I am regularly amused by the number of people I meet here, there and everywhere around the South who tell me they love Savannah, but admit they haven't visited in 10 or more years. A lot of times, their most vivid memory was walking "down along the 'river docks' enjoying all of the attractions there." Oh, if I had a nickel.

I think we'd all agree this city is dramatically different than it was a decade ago. I don't even need to make this statement about downtown. Take the view of West Chatham County from the interstate, for example. Or that spaghetti junction they laid out at 21 and 95 in Port Wentworth. Yes, the times they are a-changin' around here.

Not everyone digs the developments, but you can count me among those who bristle with excitement when I hear about another otherwise dormant city block coming back to life. It's been happening along Bull Street for a couple of years. During that same time, a project has been bubbling at the corner of 37th and Abercorn streets in the heart of Savannah. How loudly that project has been moving along depends largely on who you ask.

Two years and roughly $2 million later, the doors are just about to open on La Scala, Savannah's newest Italian restaurant. It's an addition to the food scene that, if the guys in charge have anything to say about it, will be a palatial spot for pasta.

"I knew immediately when we walked in here that this was it," says Donald Lubowicki, who along with his partner Jeffrey Downey, has gone all in on this project. "We are ready to get this thing going."

If the names sound familiar, they should. Donald and Jeffrey are owner/operators of Circa 1875, Savannah's French brasserie on Whitaker Street downtown. They've been there for over a decade. This new spot has been in the works for a few years. We could easily say three or four years, if you go back to the first time they told me they wanted to open something Italian in Savannah.


Of course, that doesn't happen overnight. In the meantime, they attempted to make the most of their time. A couple of years back, Donald, Jeffrey, Executive Chef David Landrigan and his girlfriend spent three weeks touring Italy, eating and liking their way across the country. The trip was equal parts research and shopping for their new space. No detail was spared, even if they had, really, no idea exactly when they'd have an Italian restaurant to call their own.

If you'd like to hear an instance of life imitating art, ask the guys about the chandeliers they purchased in Florence and had shipped back to the U.S. It cost more to ship them than the purchase price.

"They disappeared at JFK," Donald says. "We'd have to go back to Florence and file a claim with the shipping company." Not exactly the Lufthansa heist, but I'm thinking a couple of not-so-goodfellas got a hold of those fixtures.

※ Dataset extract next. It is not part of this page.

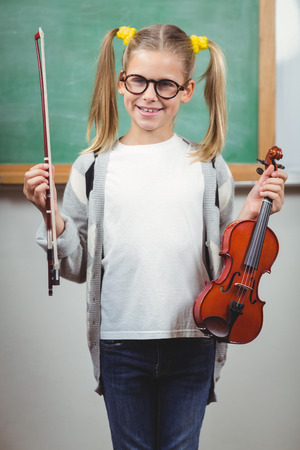 Portrait of cute pupil holding violin in a classroom in schoolの写真素材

Back here in the heart of town, a complete and extremely thorough restoration of Savannah's latest home-turned-restaurant is nearing completion. Named for Milan's Opera House (circa 1778), La Scala (circa 1898) is being created to offer its guests as authentic an Italian dining experience as you will find in this area. That includes attention to every detail from their staff in attempting to create a festive, enjoyable atmosphere, where quality food drives the bus. For the record, the building's color is coral, so it's not Savannah's second pink house.

You hear all of that and see what this space looks like and you might imagine this being our city's incarnation of the legendary Commander's Palace in New Orleans.

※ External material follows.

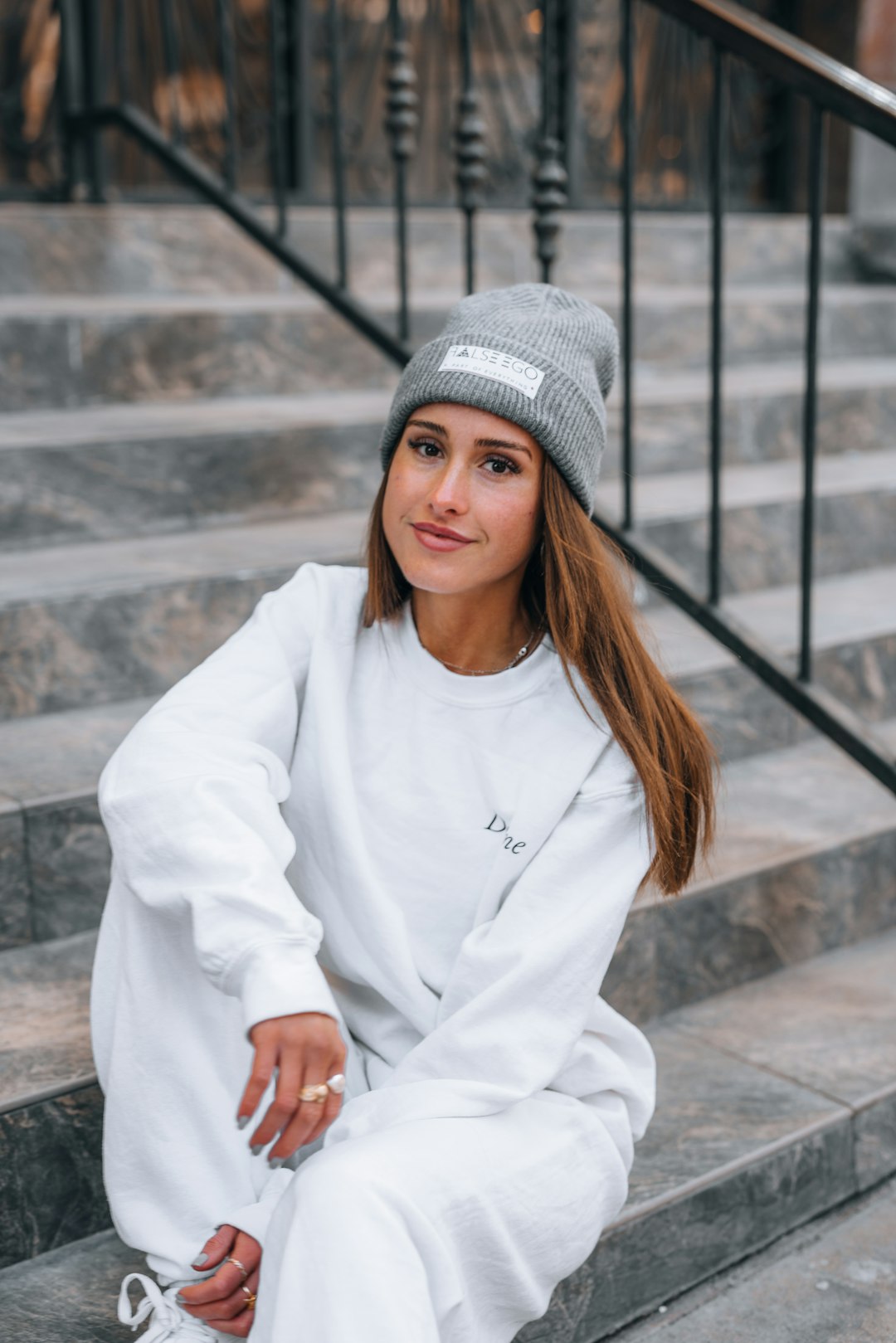 woman in white sweater and gray knit cap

"That is exactly what we want this place to be like," Donald says.

The menu reads like anything you will find along "The Boot." The summer version I had the chance to look at included staples like pappardelle bolognese, bucatini all'amatriciana and yes, Joe Marinelli, they are even planning to offer a carbonara. Florentine steak, fettucini with octopus, clams and shrimp are some of the others. Heading up the kitchen is Stephen McLain, formerly of Alligator Soul, with Landrigan overseeing culinary operations at both Circa 1875 and La Scala.

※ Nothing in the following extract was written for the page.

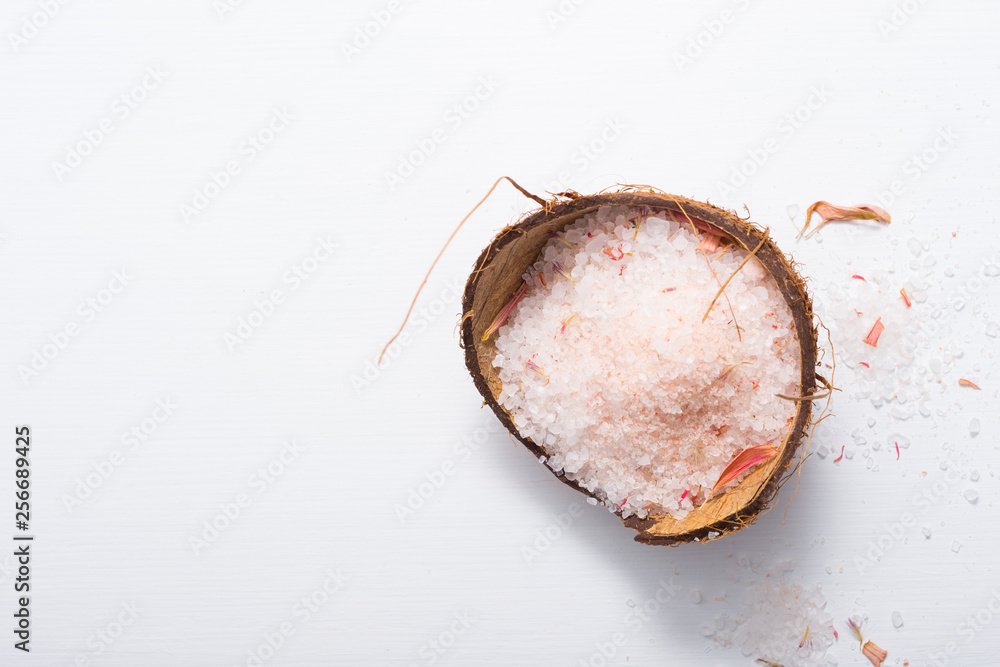 pile of pink bath salt at coconut shell bowl, white wood table pile of pink bath salt at coconut shell bowl, white wood table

La Scala's bar was handmade. "We wanted something that made you feel like you were in Venice," he says. The bar area in general is a bit on the smallish side, but an adjacent front room of the restaurant will offer soft seating, couches and chairs to handle bar overflow — roughly 6,000 square feet in all. Dining capacity hovers around 130 seats, which is low for a building this size, but that tells you the space is being used differently.

Bigger doesn't always mean more seats and being elbow-to-elbow with other guests trying to enjoy a meal. A large portion of their space, indoors and outdoors, is being prepared for banquets and weddings. Yes, weddings. How so?

Part of the building includes a restored second-floor sanctuary. "This was built as an old convent in 1924," Donald says. "The nuns lived downstairs in what is now our kitchen. They worshiped up here."

It's nothing short of stunningly beautiful. Stained glass will hang in front of every window. "The city wouldn't let us replace them," he says.

Speaking of the city, that's just about the only thing, as of this writing, that stands between years of work, planning, setbacks and frustrations and making this all a reality. The city is expected to approve a certificate of occupancy any day now, at which point staff training will begin. Right now, the target date for you to be able to eat it and like it is sometime in August. I will, of course, keep you posted.